Whether this story is logically coherent and conceptually clear is another matter of course.

EB: t may seem impossible to those who are dualists like yourself and like to argue otherwise, but there are also CHRISTIAN mind-brain monistic naturalists. As I said, go figure. Or at least try to convince those folks that your view is proven superior by your philosophical arguments. You needn't even argue with skeptics or atheistic naturalists, just argue with your fellow Christians who have studies the brain and philosophy and come to a different conclusion than you have concering the brain-mind question. One such Christian brain-mind naturalist has a debate essay with a Christian brain-mind dualist in the book of such essays that was published by the Society of Christian Philosophers.

VR: A lot "materialist" views held by Christians in the philosophy of mind are really non-standard versions of materialism that would not be considered acceptably materialist by people like Daniel Dennett and Richard Dawkins. In fact, on some definitions of materialism, I come out as a materialist. Some are more orthodox materialists, however. But so what. I already said I fully expect my arguments will not convinced everyone, in fact I don't even hold that everyone should be convinced by my arguments. If you think otherwise, you haven't read me very carefully.

EB: Another thing I claim to KNOW is that tales of miracles and Near Death Experiences are far from consistent. With such inconsistancy concerning first hand anecdotal data about the afterlife and/or first hand anecdotal data about the divine, I tend to DOUBT that holding specific beliefs about the Bible, Jesus, Christianity, etc. are what life is all about.

VR: Non sequitur.

VR: A lot of people who have corresponded with me have told me that you must have a very intense hostility to evangelical Christianity. It isn't a matter of what you have read and haven't read. You can read and read and read, but if you can't exposit an opponent's position well enough to be recognizable by the person who holds that position, then I see a problem.

Of course, I'm critical of McDowell; my discussion of him in my book is pretty critical. Of oourse Lewis was not omniscient. I'm pretty clear about that, too. I have been interested in following the trail when I thought Lewis was on the right track.

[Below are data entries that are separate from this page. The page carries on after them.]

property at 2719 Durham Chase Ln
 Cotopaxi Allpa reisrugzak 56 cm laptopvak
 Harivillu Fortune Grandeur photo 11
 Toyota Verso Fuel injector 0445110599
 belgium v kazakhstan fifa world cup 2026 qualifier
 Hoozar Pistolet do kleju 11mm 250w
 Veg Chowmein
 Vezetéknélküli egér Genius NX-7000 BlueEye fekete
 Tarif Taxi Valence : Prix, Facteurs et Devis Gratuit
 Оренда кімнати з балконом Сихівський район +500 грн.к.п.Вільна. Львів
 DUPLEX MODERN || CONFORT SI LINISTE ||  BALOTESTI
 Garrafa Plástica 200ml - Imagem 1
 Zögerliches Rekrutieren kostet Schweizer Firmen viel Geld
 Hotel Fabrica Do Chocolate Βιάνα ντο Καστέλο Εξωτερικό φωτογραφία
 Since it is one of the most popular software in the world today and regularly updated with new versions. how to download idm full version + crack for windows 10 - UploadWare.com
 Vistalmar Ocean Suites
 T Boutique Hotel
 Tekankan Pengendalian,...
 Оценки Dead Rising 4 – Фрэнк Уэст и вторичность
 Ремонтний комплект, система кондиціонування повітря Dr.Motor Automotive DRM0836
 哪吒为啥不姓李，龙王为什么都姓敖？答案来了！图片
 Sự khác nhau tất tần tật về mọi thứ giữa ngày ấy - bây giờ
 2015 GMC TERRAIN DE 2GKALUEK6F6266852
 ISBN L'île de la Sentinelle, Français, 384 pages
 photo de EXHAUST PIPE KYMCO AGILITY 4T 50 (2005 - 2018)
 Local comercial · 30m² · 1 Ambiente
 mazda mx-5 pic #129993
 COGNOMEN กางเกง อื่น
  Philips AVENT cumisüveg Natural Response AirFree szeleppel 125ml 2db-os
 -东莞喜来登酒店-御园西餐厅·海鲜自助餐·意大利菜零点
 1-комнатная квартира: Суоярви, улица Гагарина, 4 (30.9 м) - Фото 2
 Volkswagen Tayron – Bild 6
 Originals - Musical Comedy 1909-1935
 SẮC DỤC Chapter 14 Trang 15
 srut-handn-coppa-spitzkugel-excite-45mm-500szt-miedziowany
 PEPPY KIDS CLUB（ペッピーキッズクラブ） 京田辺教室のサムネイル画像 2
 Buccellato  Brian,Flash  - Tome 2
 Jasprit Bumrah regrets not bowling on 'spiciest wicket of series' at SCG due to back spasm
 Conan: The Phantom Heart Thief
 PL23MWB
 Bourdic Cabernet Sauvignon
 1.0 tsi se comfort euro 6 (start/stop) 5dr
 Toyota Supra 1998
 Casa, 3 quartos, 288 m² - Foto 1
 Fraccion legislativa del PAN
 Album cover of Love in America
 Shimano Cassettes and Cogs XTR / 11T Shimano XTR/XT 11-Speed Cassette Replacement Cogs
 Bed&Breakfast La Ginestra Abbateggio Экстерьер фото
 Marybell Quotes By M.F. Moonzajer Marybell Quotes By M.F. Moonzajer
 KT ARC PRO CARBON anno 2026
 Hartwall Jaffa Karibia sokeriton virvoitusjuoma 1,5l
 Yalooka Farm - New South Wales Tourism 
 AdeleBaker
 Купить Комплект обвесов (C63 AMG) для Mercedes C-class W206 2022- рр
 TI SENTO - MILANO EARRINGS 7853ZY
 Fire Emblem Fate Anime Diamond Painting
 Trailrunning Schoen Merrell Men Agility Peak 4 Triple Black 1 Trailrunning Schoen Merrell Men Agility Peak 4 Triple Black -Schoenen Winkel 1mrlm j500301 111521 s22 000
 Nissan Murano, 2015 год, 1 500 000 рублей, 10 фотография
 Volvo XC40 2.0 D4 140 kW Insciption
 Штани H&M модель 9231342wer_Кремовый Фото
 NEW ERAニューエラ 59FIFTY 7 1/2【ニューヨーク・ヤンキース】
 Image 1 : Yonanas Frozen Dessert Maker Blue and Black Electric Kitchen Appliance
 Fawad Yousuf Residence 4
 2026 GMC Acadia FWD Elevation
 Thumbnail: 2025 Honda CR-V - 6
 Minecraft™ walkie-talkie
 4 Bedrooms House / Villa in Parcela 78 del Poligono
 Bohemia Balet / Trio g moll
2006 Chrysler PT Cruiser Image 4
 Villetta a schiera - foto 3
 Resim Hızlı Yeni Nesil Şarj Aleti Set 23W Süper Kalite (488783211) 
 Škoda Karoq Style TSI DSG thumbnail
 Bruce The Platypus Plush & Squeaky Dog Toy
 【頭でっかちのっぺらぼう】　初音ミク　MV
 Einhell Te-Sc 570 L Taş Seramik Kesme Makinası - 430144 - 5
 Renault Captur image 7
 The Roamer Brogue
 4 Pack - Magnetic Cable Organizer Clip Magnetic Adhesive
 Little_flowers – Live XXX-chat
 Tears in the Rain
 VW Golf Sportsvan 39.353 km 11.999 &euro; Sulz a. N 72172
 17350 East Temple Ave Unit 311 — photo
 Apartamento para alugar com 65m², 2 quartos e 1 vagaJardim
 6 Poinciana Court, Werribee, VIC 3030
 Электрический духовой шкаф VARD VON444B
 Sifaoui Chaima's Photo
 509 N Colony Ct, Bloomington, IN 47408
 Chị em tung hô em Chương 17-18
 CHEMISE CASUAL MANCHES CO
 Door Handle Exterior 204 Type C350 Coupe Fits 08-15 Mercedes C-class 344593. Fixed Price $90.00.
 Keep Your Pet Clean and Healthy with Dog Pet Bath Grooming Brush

I tend to get a little frustrated when I am constantly having to correct misunderstandings of what I have said. When that happens, I suspect that soemone is looking at me and figuring out what I must have said since I am in such and such a camp, rather than reading me and finding out what I did say.

1 comment:

Edward T. Babinski said...

All accusations of my "intense hostility" aside. I have stated the philosophical flaws in your "argument from reason," which amounts to yet another version of an argument from mere incredulity.

In fact there might very well need to be another category of "logical fallacy" added to the books in this case, that of assuming that once you start with atoms (viz., energy/matter), nothing of any more highly and widely organized consequence, no surprises as a result of higher and wider organization, can follow from energy/matter.

It is one philosopher's credulity set against another, the theist's and the non-theist's. And there are categories inbetween as well, i.e., pantheists, panentheists, and people who believe in life after death and those who don't in all such categories. (One must recall that there is evidence that early pagans and Hebrews believed in the supernatural, even in a personal god(s), but also often believed in a very thin afterlife if at all, a hades or sheol to which everyone was relegated as mere eternal "shades.")

My view concerning such questions is that we don't know enough to answer them, and that of all the means of understanding such questions are our disposal, philosophy is the least successful at "answering" them.

The wisdom of philosophers in this respect is about as cloudly as that of theologians of all the world's different religions when it comes to proving ultimate truths to other theologians.